Sixteen years after the beginning of the US war in Afghanistan, the Taliban are still highly active, controlling broad areas of the country and continuing to target and kill civilians, political figures and military targets. As summer gets under way, they have a new weapon at their disposal – bombs concealed in watermelons.
Photographs emerged on June 20 showing a Taliban operative assembling a bomb and inserting it into a watermelon. While there have been no reports so far of Taliban operations using watermelons to conceal explosives, such techniques have been lethally effective in the past.
The United Nations reported record numbers of civilian casualties in 2016 - 3,498 killed and 7,920 injured – nearly a third of them children. Most of the casualties were in attacks by the Taliban and other insurgent groups. Afghan security forces suffered more than 6,785 deaths in 2016.
Photo sent by our Observer.
The Observers FRANCE 24 team spoke to Mokhtar Wafayi, the Afghan journalist who published the photos. Wafayi is a specialist in jihadist groups and their tactics.
"It's a way of getting a bomb past checkpoints"
These photos were sent to me by a source I have inside the Taliban. My source told me they were taken a week ago in Helmand province. They put a bomb inside a watermelon because they wanted to transport it somewhere. It’s a way of getting a bomb past checkpoints.
On the battleground the Taliban have been known to hide mines inside the dead bodies of Afghan soldiers, or in the bodies of dead dogs. When it comes to bombs, they use other methods in order to infiltrate protected zones and even high-security compounds. They sometimes conceal explosives in pots of cooked food or even among the pages of the Koran. They use these methods to get the explosives past the security cordon. Their operatives pretend to be a chef or domestic worker delivering an order.
Photo sent by our Observer.
The Taliban use these kind of methods only when they want to hit an important target: for example, when they want to attack an official ceremony, or a high-level meeting of government officials or military personnel. For example when they assassinated former President Burhanuddin Rabbani in 2011, the explosive device was hidden inside a suicide bomber’s turban.

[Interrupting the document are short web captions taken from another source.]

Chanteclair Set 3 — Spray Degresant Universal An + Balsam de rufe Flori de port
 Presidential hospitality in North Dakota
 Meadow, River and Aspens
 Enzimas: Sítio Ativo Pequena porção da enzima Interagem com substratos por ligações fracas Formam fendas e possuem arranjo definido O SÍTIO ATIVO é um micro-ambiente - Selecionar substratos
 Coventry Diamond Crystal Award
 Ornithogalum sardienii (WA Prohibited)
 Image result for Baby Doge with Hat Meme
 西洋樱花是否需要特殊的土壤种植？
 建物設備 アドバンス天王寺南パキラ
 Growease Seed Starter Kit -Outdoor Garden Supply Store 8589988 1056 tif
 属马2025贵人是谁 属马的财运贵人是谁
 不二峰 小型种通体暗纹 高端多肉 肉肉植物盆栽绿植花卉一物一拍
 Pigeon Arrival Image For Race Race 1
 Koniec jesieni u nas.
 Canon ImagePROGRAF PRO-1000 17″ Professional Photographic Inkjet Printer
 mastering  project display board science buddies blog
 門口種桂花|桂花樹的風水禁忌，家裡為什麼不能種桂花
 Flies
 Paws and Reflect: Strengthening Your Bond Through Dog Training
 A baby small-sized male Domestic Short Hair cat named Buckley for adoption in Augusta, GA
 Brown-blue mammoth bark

My police sources tell me that when the Taliban attacked the Kandahar governor’s guesthouse on Jan. 10, 2017 and killed 5 UAE diplomats, they smuggled the explosives inside a pot full of food then put them beneath a sofa. [Editor’s note: The Afghan Taliban deny any role in the guesthouse attack.] They have already used this technique many times. When the Taliban want to attack a public place, they don’t bother to hide the explosives in an elaborate way. They just place a bomb somewhere then blow it up.
Photo sent by our Observer.
After I published these photos, someone contacted me via Facebook, writing in Arabic. They said I should not have published the photos and asked me to take them down. I took it as a threat from the Taliban. I checked the user’s account. He appears to be an Afghan because many of his posts were in Pashtun [the language of many people in eastern Afghanistan where the Taliban have significant support.]
The Afghan security forces manage to detect some of these attacks, but not all of them. Their training is not as rigorous as it should be. And sometimes the Taliban have sympathizers in the army that collaborate with them.